NUNCA DIZER: “FIZ UMA POESIA”
Uma das coisas mais irritantes no uso da língua portuguesa – além dos cacofônicos “a nível de”, “estaremos enviando”, “eu enquanto sujeito”, “pretender objetivar”, “neste sentido” e outros vícios acadêmicos – é quando um pretenso poeta diz que “escreveu uma poesia”. O leitor tem todo o direito de não saber a diferença entre poesia e poema, agora, faz favor, poetas com livros publicados e tudo, associados a academias de louros e letras, fundadores de pseudo-grupelhos autodenominados livres – como se quem não pertencesse a seu universo fosse necessariamente preso – não têm direito de confundir poesia com poema. Mas na Ilha de Nossa Senhora dos Aterros, onde até moeda verde se vende e se compra, tudo é possível. E como quem não quer nada, tentarei aqui explicar ao leitor (e me corrijam se eu estiver errado) a diferença entre uma coisa e outra.

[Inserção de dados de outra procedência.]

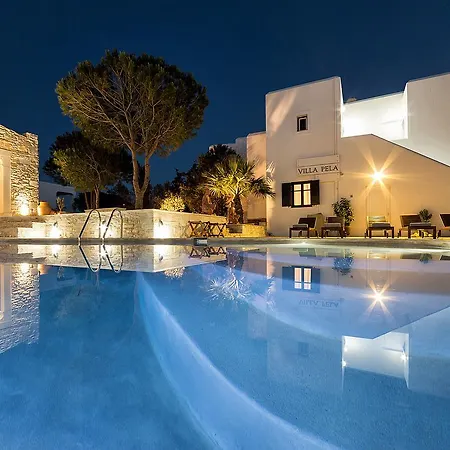 Appart hôtel Pela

O poema é o objeto, a espinha dorsal, a forma, o emaranhado de palavras antes de seu sentido, o significante a espera que o leitor atribua seu significado, o molde das idéias (porém, não as idéias), a caixa silenciosa que fala, o truque da língua, o cimento, a estrutura, a maquinaria textual, enfim, é tudo que lembra a fábrica, o concreto.
A poesia não está apenas no poema. Reside nas películas a 24 quadros por segundo, nas xícaras que mexem da Fernanda, na música, no teatro, no olho da mulher que adora a palavra sobretudo e no amor que sinto por ela, na intenção, no que se quer dizer antes que se diga, na estratégia, no pensar e no falar, na cor do miolo da boca, num filme de Godard, na tela de Edward Münch, nas coisas que não dependem de descrição, na intenção, no tudo que é abstrato.

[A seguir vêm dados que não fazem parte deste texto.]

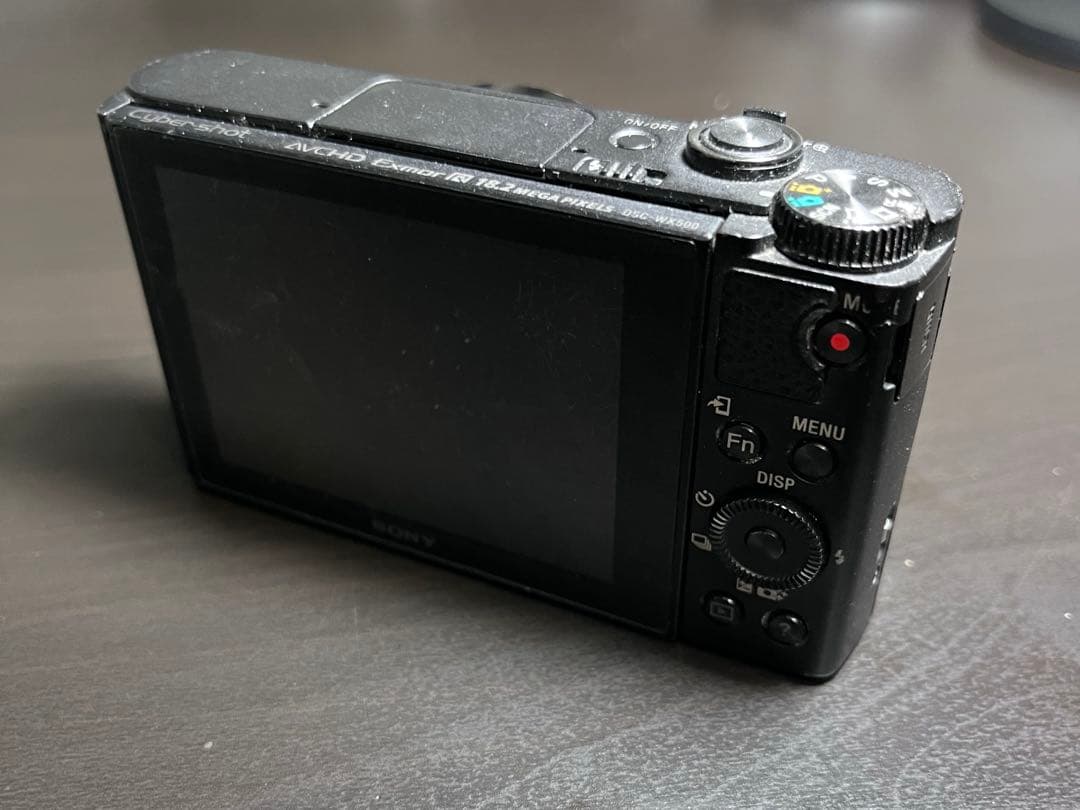 デジタルカメラ SONY DSC-WX500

Aquilo que realça de preto no branco do papel é poema, o que se compreende disso é poesia. O que está impresso nos livros de poesia é poema, mas não é poesia. Pode se dizer “a poesia de Fernando Pessoa”, coisa bem diferente de se dizer “o poema de Fernando Pessoa”. O que se pode decorar é poema, o que se guarda sem se lembrar é poesia. Portanto, aquilo que se escreve é o poema, e ele pode ou não conter poesia, e a essência do que se despreende dali é o que se pode chamar de poesia.

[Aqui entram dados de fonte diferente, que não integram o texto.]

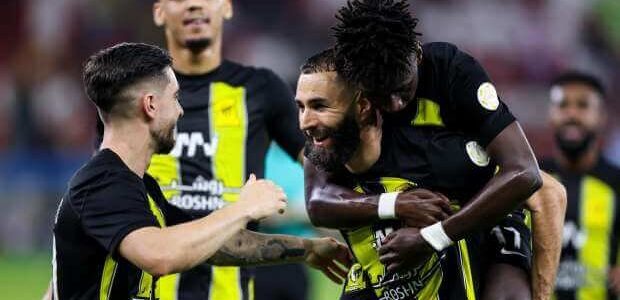مشاهدة بث مباشر الاتحاد وأوكلاند سيتي تويتر في مونديال الأندية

Faz tempo que não escrevo um poema, apesar de ter prometido a Vanessa um que fosse ruim, para que ela coloque na caixa de um projeto gráfico igualmente ruim. Tarefa tão inglória quanto escrever, talvez um bom poema. Mas, como diria o poeta Marco Vasques, não sou habilitado para falar de poesia e de poemas, porque sou ex-poeta, apesar de procurar aqui e ali uma poesia qualquer no meio dessa prosa porosa que é o mundo. A poesia está para a prosa, assim como o amor está para a amizade, cantou o poeta que nunca publicou um livro de poesia e que nunca escreveu um poema. Prova maior de que estas coisas, se têm nome distintos, devem ser mesmo diferentes.